### Work task
From the records below, set down exactly the lines starting with the line that contains "kupować Okrągły, przejrzysty, gruby, bezciekły" and going on through the line that contains "VR Headset with". Nothing else is wanted.

[Web page caption snippets]
++++++

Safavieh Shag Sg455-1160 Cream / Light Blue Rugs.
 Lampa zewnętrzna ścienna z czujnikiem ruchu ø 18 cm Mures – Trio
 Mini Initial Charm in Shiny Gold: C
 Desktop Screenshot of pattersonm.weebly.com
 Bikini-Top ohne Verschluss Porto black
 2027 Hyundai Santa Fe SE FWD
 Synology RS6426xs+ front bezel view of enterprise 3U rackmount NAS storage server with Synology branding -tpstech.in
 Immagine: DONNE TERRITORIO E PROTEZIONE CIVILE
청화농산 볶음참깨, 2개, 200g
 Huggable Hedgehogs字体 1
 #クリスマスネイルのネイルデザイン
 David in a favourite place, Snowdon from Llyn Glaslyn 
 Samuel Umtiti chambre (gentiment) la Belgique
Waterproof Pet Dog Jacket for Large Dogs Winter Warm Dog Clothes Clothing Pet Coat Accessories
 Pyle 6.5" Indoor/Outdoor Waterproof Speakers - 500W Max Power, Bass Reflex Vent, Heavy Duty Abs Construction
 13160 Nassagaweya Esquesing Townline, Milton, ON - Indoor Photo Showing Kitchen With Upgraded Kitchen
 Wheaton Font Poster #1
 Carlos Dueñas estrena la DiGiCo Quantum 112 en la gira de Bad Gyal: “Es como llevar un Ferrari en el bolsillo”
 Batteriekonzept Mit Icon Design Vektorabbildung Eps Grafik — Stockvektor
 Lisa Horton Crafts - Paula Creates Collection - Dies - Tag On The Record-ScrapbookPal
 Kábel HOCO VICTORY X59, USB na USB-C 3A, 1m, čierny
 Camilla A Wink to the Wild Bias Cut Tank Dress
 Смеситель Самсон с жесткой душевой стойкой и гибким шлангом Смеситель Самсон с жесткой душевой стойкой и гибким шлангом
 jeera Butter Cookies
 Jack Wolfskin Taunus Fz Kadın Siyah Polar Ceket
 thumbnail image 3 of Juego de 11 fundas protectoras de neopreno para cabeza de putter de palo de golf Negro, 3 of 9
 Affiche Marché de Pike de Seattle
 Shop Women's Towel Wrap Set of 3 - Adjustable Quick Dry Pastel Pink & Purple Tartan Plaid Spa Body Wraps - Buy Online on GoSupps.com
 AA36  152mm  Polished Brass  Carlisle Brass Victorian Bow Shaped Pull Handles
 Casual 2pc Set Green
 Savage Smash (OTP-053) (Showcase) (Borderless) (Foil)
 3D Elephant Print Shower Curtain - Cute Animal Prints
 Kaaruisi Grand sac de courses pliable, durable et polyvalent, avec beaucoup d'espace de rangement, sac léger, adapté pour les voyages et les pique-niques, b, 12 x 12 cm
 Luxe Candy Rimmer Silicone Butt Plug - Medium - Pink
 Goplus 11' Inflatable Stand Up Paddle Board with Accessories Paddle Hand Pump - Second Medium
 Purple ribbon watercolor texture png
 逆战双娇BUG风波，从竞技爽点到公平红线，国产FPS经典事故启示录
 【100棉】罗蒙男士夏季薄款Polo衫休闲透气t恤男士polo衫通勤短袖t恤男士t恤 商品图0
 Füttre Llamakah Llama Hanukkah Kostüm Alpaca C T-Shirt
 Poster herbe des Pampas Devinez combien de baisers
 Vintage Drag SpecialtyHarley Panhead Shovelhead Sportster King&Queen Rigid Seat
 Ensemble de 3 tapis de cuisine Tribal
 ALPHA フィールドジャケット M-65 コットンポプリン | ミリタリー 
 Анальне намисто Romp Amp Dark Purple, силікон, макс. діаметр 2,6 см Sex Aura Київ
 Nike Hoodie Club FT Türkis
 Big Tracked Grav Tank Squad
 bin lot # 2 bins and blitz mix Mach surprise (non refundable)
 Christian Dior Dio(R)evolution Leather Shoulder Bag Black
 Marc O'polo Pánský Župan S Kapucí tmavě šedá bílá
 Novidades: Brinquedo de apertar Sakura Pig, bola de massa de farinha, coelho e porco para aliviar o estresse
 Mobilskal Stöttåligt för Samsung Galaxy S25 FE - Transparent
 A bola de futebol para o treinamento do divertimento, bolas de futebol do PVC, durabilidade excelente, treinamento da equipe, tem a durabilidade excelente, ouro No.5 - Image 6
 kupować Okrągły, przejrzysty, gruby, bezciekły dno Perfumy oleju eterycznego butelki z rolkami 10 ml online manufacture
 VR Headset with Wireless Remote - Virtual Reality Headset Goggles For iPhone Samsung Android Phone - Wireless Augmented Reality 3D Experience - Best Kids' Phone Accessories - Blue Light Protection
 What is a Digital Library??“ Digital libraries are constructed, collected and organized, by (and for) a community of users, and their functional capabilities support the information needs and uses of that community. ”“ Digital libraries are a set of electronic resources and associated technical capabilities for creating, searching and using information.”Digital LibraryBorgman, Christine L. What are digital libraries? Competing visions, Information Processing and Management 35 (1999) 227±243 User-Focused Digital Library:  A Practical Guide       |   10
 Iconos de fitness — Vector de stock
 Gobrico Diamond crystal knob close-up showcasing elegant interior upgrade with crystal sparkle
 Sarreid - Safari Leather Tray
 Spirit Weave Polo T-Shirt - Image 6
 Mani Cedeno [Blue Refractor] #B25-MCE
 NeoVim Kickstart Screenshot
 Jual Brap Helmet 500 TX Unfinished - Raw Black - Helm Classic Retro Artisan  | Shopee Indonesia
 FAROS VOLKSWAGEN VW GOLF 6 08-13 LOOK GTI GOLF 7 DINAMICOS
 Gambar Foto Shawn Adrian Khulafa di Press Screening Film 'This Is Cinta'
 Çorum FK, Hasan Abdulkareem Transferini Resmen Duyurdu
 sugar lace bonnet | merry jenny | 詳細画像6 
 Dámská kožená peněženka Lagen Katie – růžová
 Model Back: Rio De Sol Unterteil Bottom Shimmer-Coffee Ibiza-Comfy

++++++

### Output for this task
 kupować Okrągły, przejrzysty, gruby, bezciekły dno Perfumy oleju eterycznego butelki z rolkami 10 ml online manufacture
 VR Headset with Wireless Remote - Virtual Reality Headset Goggles For iPhone Samsung Android Phone - Wireless Augmented Reality 3D Experience - Best Kids' Phone Accessories - Blue Light Protection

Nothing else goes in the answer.